Upon reading various comments online, Li Jiantang and his wife begin to "somewhat understand" their daughter's field of study.
At this year's graduation exhibition at the CAFA, there were more than 40 graduation works by students from the School of Experimental and Sci-Tech Arts. Many of the works provoked reflections on self-exploration and family education. But the academy ultimately awarded one of the first prize to the old truck that symbolizes "the past," and another to a piece exploring future artificial intelligence.
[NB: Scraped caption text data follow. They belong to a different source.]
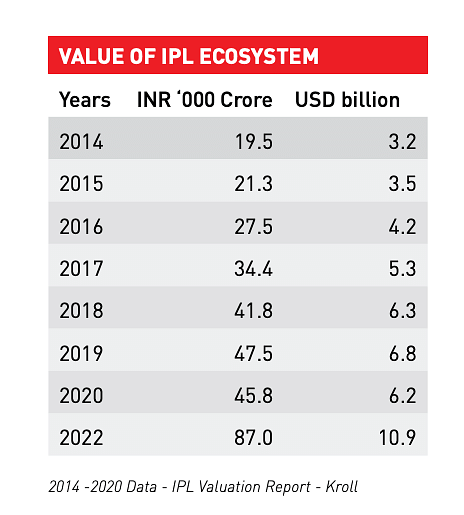 The IPL business is worth $10 bn; where does it go from here?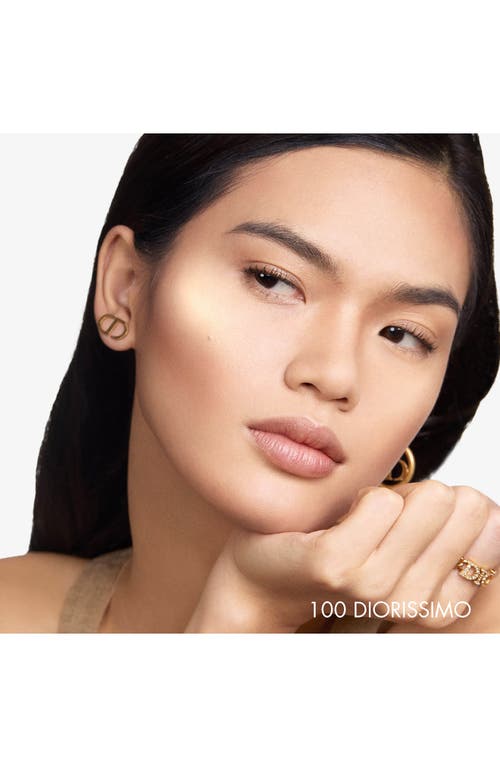 Shop Dior Rouge Blush & Glow Palette In 100 Issimo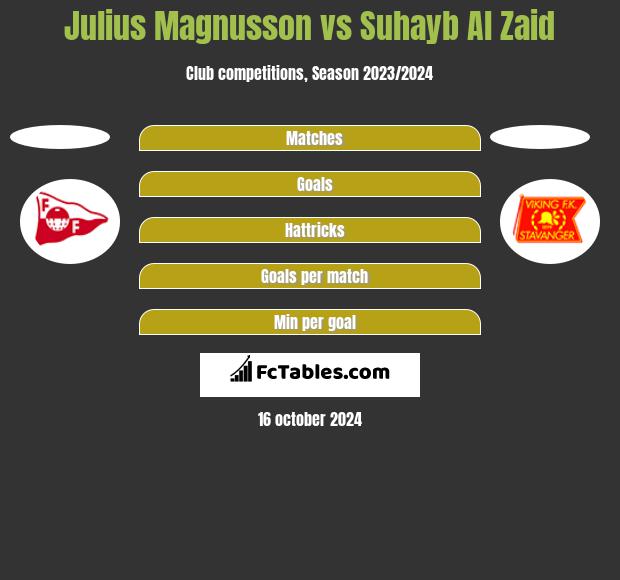 Julius Magnusson vs Suhayb Al Zaid h2h player stats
The tutor explained to Li Qing, "It resonates with more people and provokes deeper thought. The blue of the mosaic and the yellow of the helmet present a joyful tone that brings strength to people amid a societal torrent." The teacher also encouraged her to develop her own creative language and to show her hometown to a broader audience.
This is what Li Qing has been thinking, "I was born in the countryside, which gives me unique experiences," When the school organized a research trip to a village, a dozen students crammed together sleeping on the floor. There are many bugs and no air conditioning, and many of her classmates couldn't stand it. But she didn't mind. As a child, she often used the maggot-crawling latrine, and also accustomed to the bitter cold in the house when it was tens of degrees below zero, waiting for the coal to burn. She feels that being able to do what she wants to do is more important than fuss over the living conditions.
But she was only in her 20s, and the exhibition of her work meant that her life was exposed to the public.
"I am someone with no background and little financial power," As she spoke, Li Qing thought of her father, and couldn't help but cover her face and cry. Soon, she calmed down. "It was just hard to say out loud, but afterward, I felt okay. After all, I am capable and talented, so it's alright."
After her graduation exhibition, Li Qing took her father's truck to another exhibition in Beijing, and the Aranya Theater Festival in Qinhuangdao also send her an invitation to exhibit.
"I took my father's truck to even farther places," She wrote on her social media.
After being recommended for a master's program without needing an entrance exam, Li Qing chose to focus on rural aesthetic education and social revitalization for her graduate studies. She doesn't yet know much about the career prospects or income potential of this field, but instinctively feels it's the right fit for her.
"Creating art based on the current state of rural areas and giving them artistic value" is her next plan for contributing to her parents and her hometown.